[RECORD EXTRACTS]
******************************

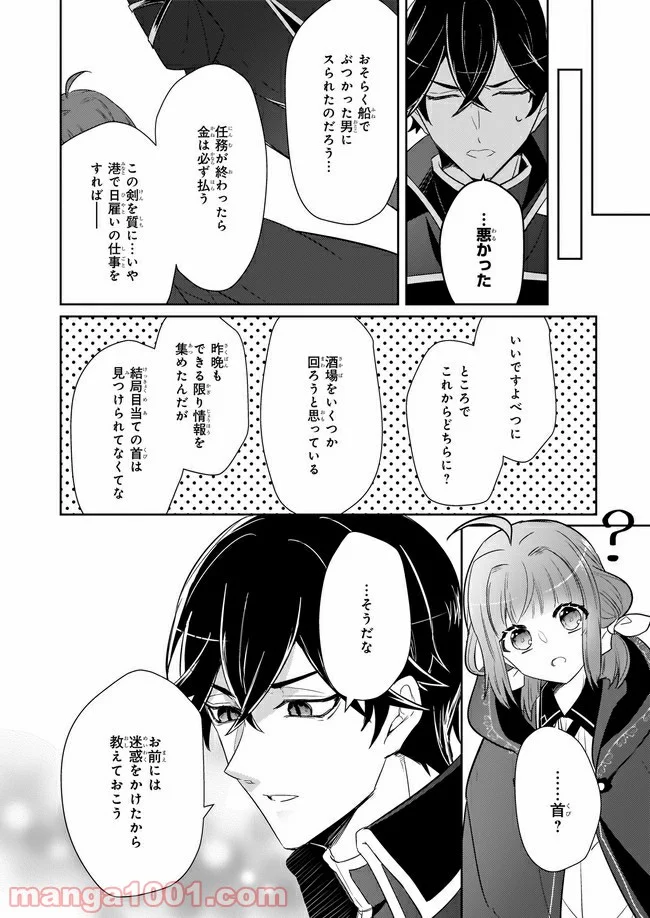薬師の伯爵令嬢は伝説の仔竜に愛される 第7.1話 - Trang 6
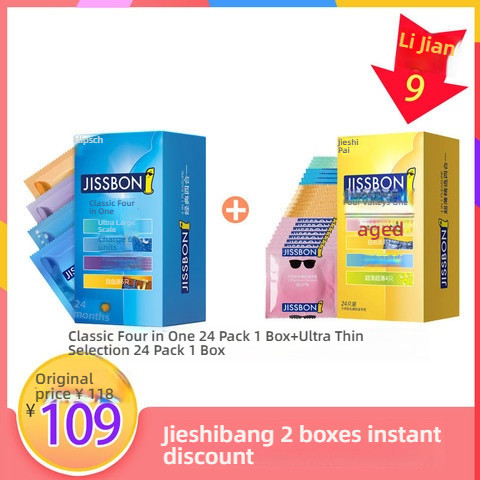 Jieshibang ultra-thin selection four in one 24 pack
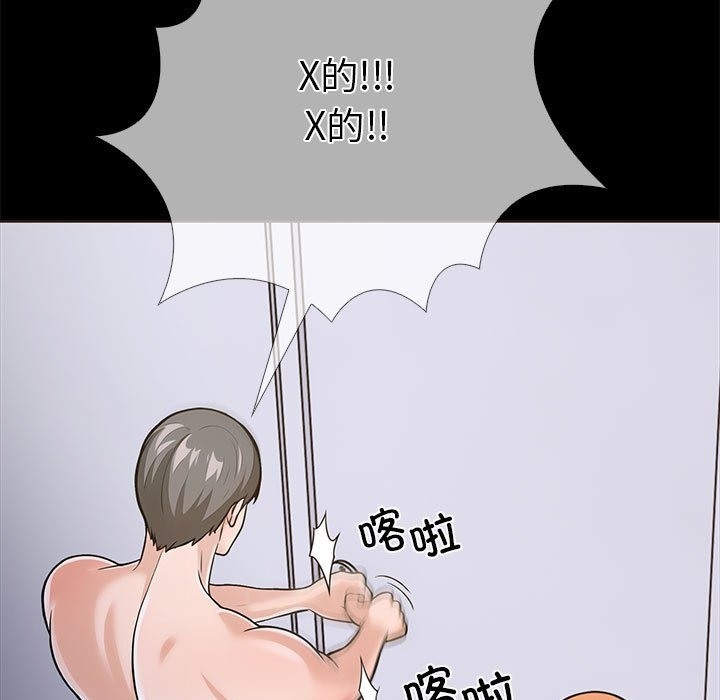 走不出的房间：第二季  第5话 漫画图片39.jpg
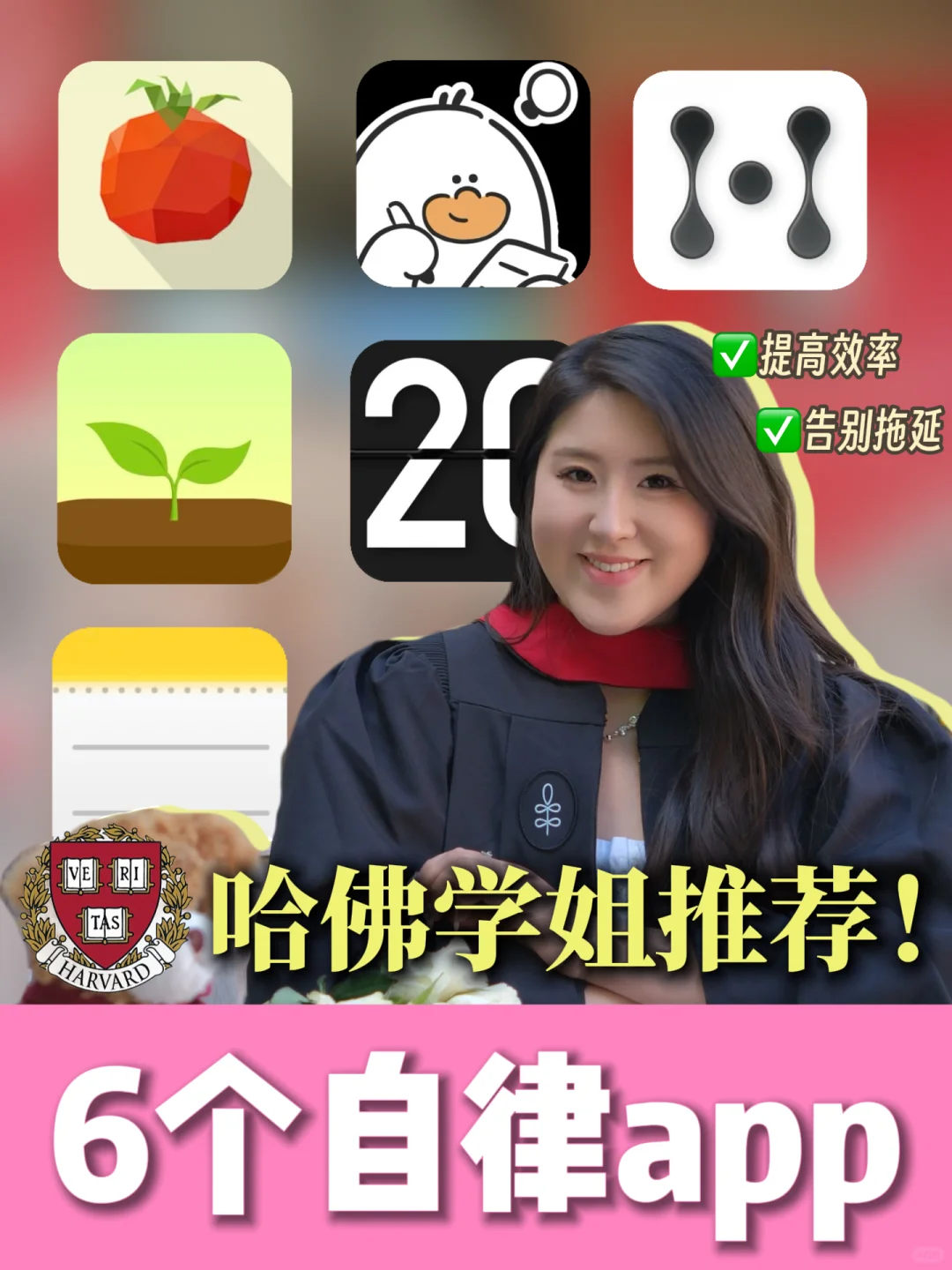 6个学霸自律app推荐！孩子拖延症必备✨
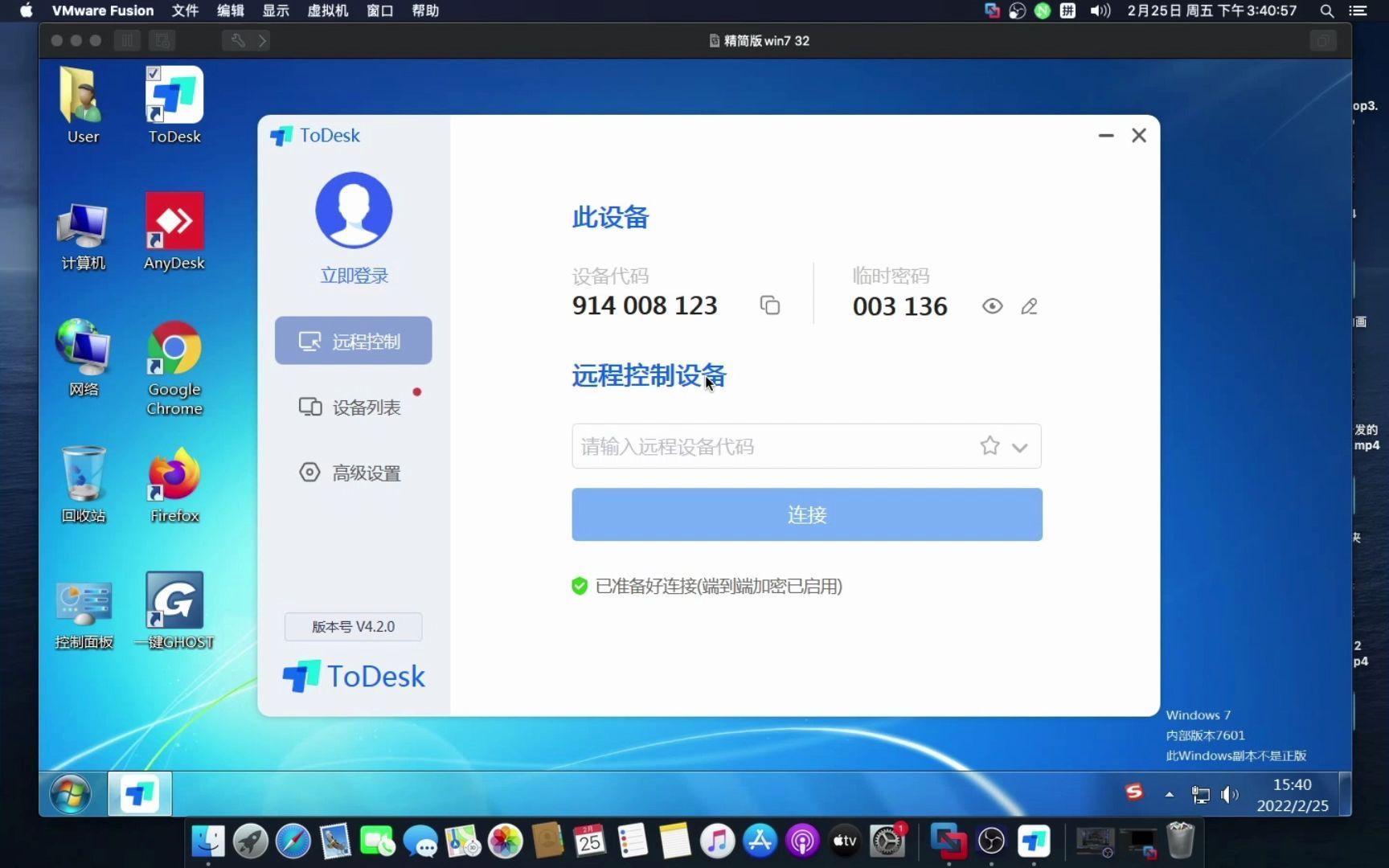 有人给我的Windows 7 32位精简版？只占用内存600MB左右？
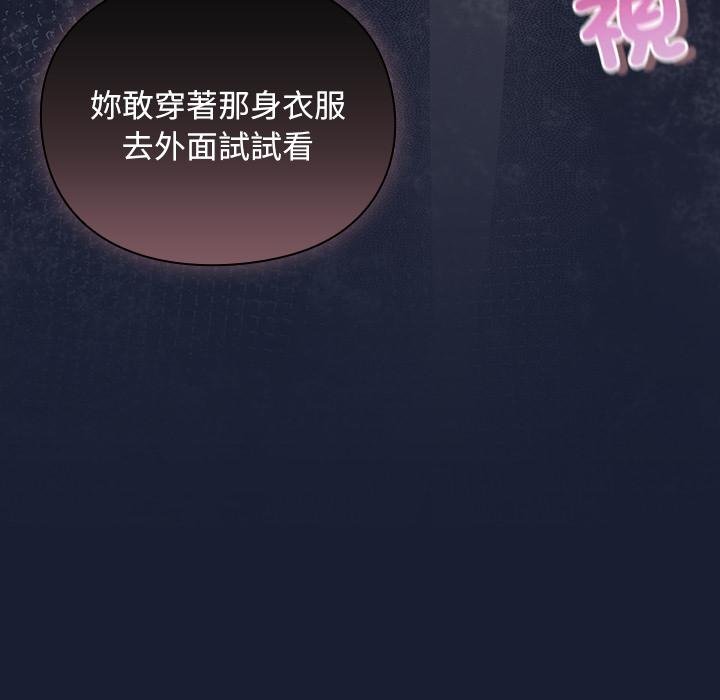 男人稀缺的异世界第28話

******************************

[EXERCISE]
Leave the pictures out, and retype exactly the lines from the one containing "有人给我的Windows 7 32位精简版？只占用内存600MB左右？" through the last line of the entries above, both included.

[TASK SOLUTION]
 有人给我的Windows 7 32位精简版？只占用内存600MB左右？
 男人稀缺的异世界第28話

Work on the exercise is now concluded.